____ Exercise data
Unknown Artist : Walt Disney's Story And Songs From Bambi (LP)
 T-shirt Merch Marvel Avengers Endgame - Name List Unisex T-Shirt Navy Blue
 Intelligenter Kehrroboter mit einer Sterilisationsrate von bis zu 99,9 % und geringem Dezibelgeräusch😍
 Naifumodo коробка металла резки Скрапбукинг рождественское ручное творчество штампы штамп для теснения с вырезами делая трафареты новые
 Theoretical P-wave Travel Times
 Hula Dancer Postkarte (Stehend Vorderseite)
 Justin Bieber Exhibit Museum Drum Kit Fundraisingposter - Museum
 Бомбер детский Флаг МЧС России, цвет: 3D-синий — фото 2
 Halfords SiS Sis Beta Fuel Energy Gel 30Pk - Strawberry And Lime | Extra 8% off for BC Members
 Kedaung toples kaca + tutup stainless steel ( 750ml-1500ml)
________
____ Exercise data
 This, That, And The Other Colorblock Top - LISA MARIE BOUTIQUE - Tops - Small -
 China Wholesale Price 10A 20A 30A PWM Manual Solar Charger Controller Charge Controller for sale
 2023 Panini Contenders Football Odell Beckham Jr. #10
________
Task prompt:
Please make an exact copy of the lines above from the line with "Justin Bieber Exhibit" through the line with "Kedaung toples kaca", both ends included.

Written answer:
 Justin Bieber Exhibit Museum Drum Kit Fundraisingposter - Museum
 Бомбер детский Флаг МЧС России, цвет: 3D-синий — фото 2
 Halfords SiS Sis Beta Fuel Energy Gel 30Pk - Strawberry And Lime | Extra 8% off for BC Members
 Kedaung toples kaca + tutup stainless steel ( 750ml-1500ml)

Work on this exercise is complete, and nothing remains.